Now that deer season is in full swing, I have just one thing to say to all the hunters out there: IF YOU SEE A DOE WEARING A PINK NECKLACE, DON’T SHOOT! Please oh please.
I learned about this doe while working at the election office last month. A voter who came to my station leaned over the counter just a little bit. “You’re the lady who writes for the paper, aren’t you?” she asked. When I told her I was one of several who fit that description, she smiled. “I have a story you might want to hear,” she whispered. “It’s about a deer I raised up from the time she was one week old.”
Because the line of voters was growing longer, I wrote down the woman’s name—for the purposes of this column, I’ll call her “Mary”—and phone number and promised to call when I had time to chat. The story she shared with me is a good one and I’m delighted to share it with you.
In Mary’s neck of the woods (also a secret), she has a reputation for rescuing needy animals. When a friend’s Great Pyrenees dog gently deposited a tiny fawn on his front porch in the summer of 2017, the friend asked Mary if she would take it in. “It was a little bitty thing,” she told me, “about the size of a dachshund, and scared to death.” Mary happened to have on hand some powdered goat milk and a nipple she’d once used to feed a newborn goat. She mixed the powder with water and poured it into an empty Michelob bottle. “That baby deer sucked down every drop and drank two more bottles before the day was over,” she said.
Mary named the fawn Whizzer because she ran everywhere she went. “I kept her in a dog crate when she was in the house because she was so rambunctious,” Mary said. “When she got too big for the crate, she became an outside-all-the-time deer.”
Whizzer is afraid of Mary’s cows and goats, so she spends most of her time in the woods. But when Mary steps into the yard with apple slices or cracked corn and calls her, Whizzer usually comes running. “She lets me pet her and even kiss her on the muzzle,” Mary told me. “She won’t let anybody else do that.”
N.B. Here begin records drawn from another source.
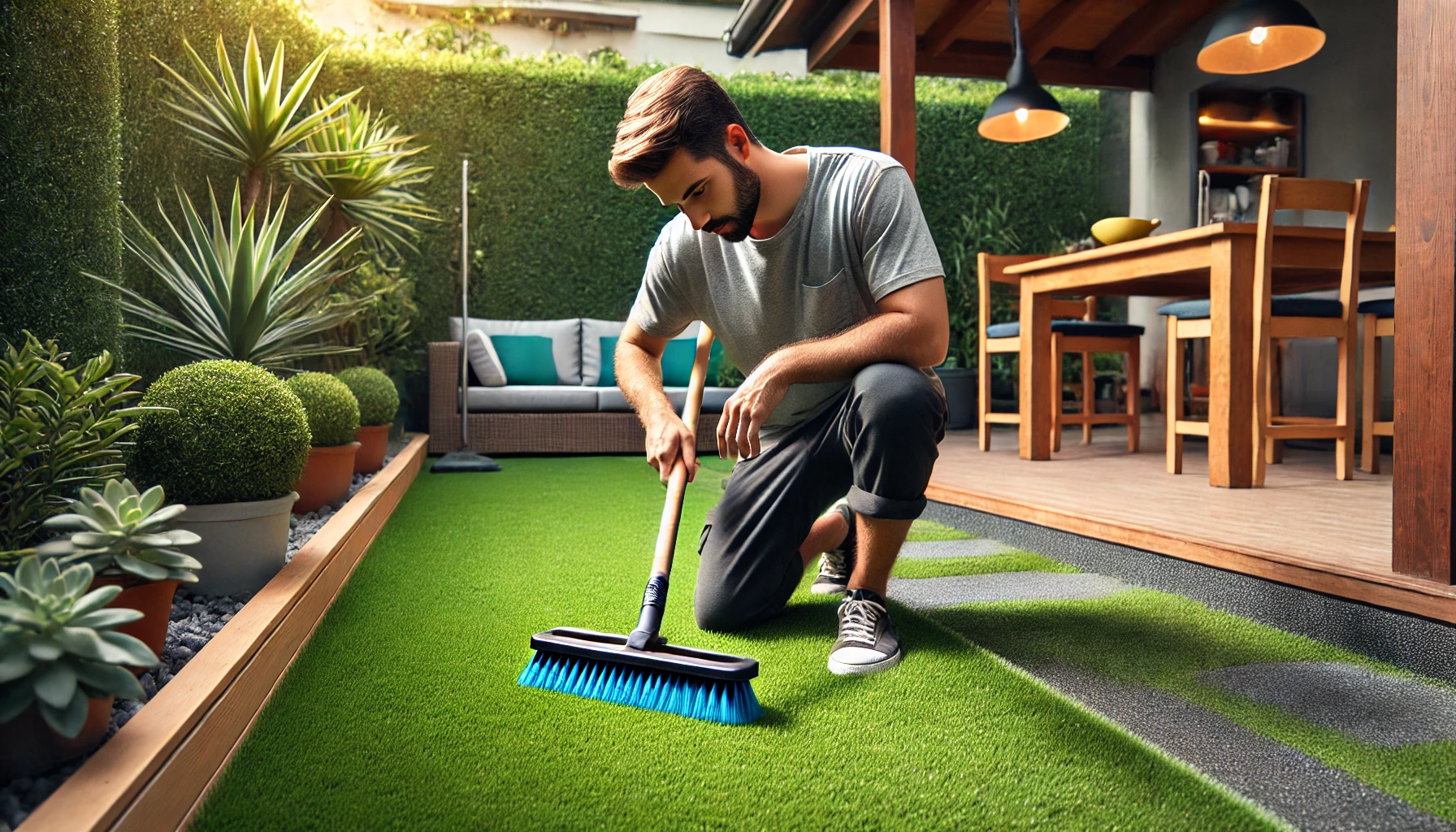 How to Clean Artificial Grass?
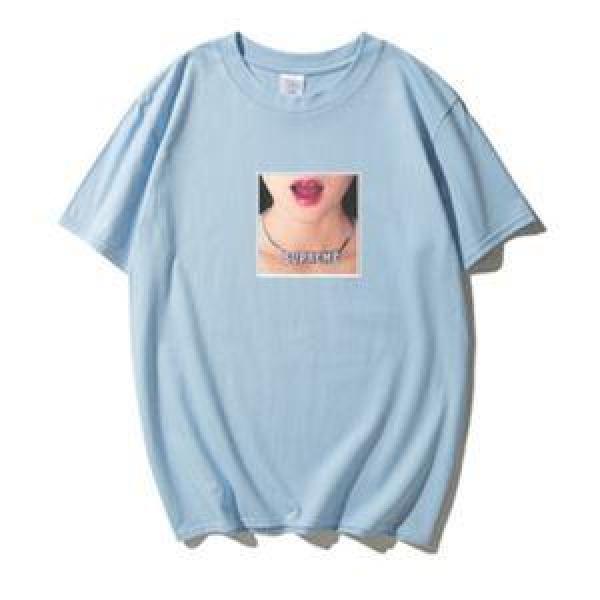 春 夏人気セール 新作登場 シュプリームＴシャツ 値段 最安値2018  Necklace Tee “White”18SS  薄地 個性派 セックス メンズ レディース Ｔシャツ ６色可選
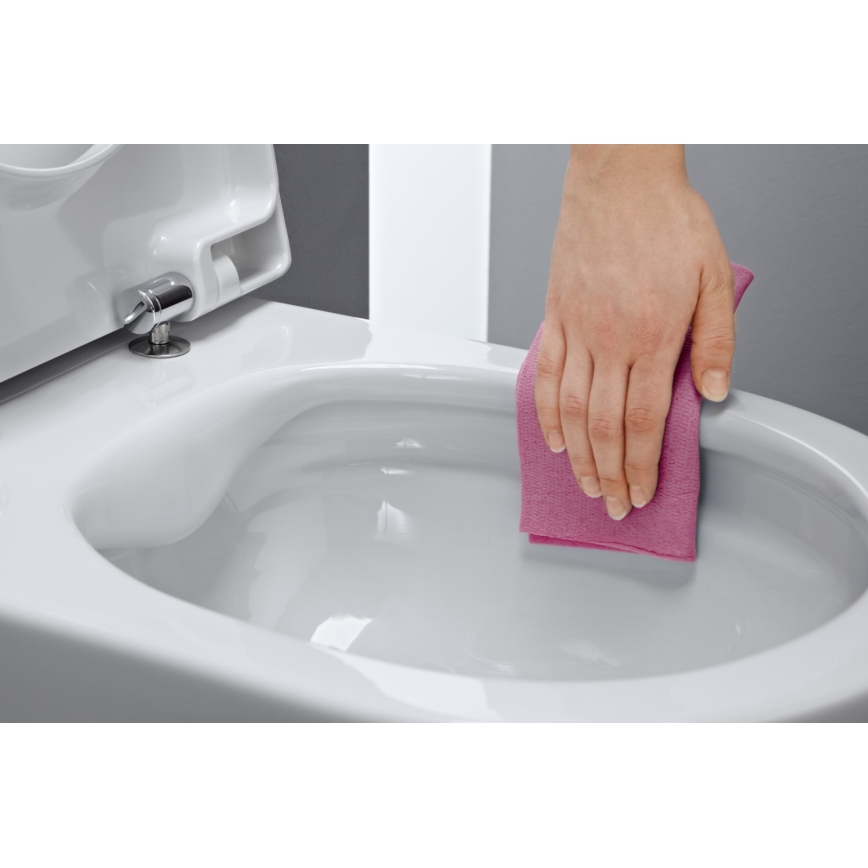 LAUFEN H8669540000001 - Wandhängendes WC PRO, Keramik/weiß + WC-Sitz SoftClose PRO, Duroplast/weiß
With hunting season approaching, Mary feared what might happen to Whizzer, so she bought some high-visibility pink plastic ribbon—the kind tied to items sticking out of the bed of a pick-up truck—and made Whizzer some braided necklaces. “I used thin plastic so she won’t choke if she gets caught on something,” Mary explained. “It just tears away.” Thus far, Whizzer has been through four necklaces.